══ Data excerpt
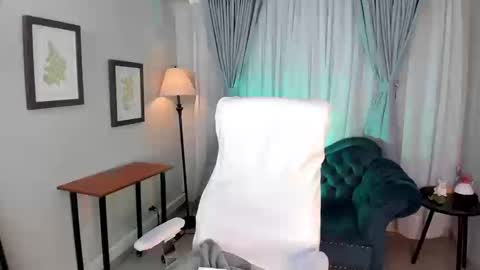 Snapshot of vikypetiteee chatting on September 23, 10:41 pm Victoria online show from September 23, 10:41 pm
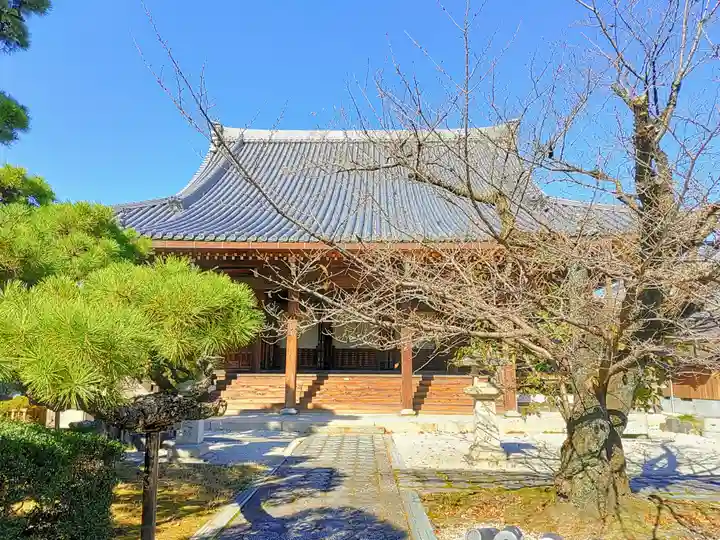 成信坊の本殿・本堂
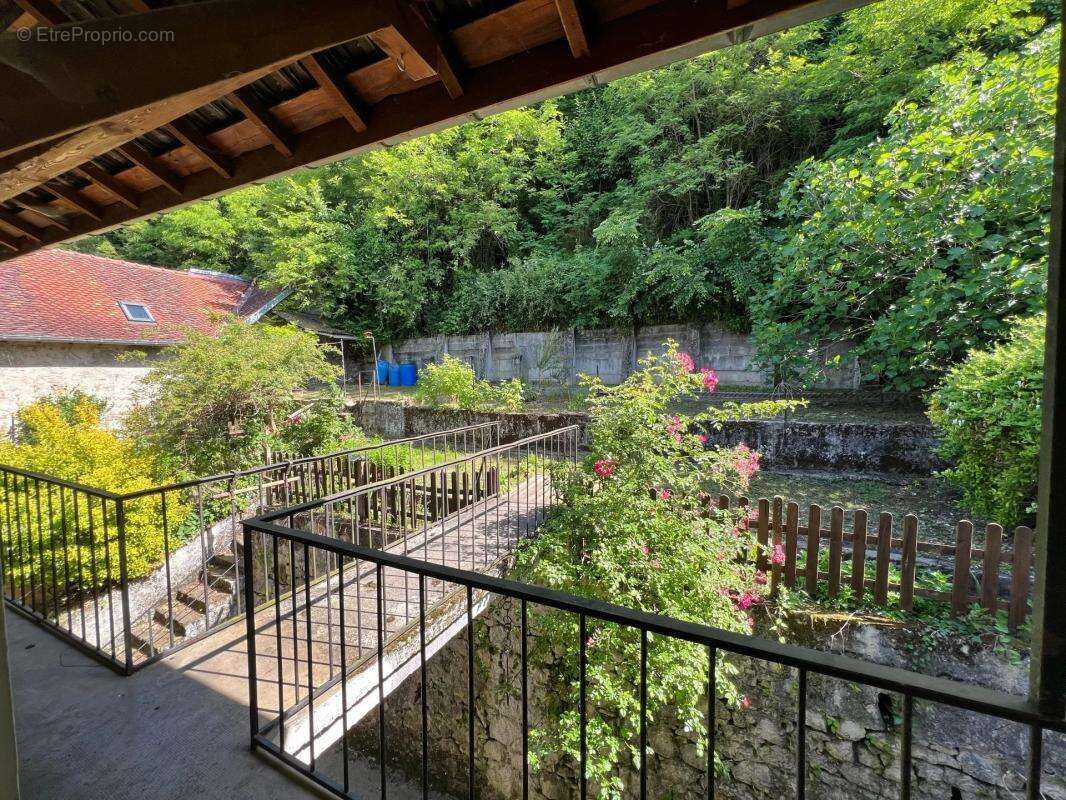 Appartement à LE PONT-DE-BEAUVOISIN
════
▶ _Your assignment_:
Exclude the images and reproduce the remaining data exactly.

▶ _Answer below_:
 Snapshot of vikypetiteee chatting on September 23, 10:41 pm Victoria online show from September 23, 10:41 pm
 成信坊の本殿・本堂
 Appartement à LE PONT-DE-BEAUVOISIN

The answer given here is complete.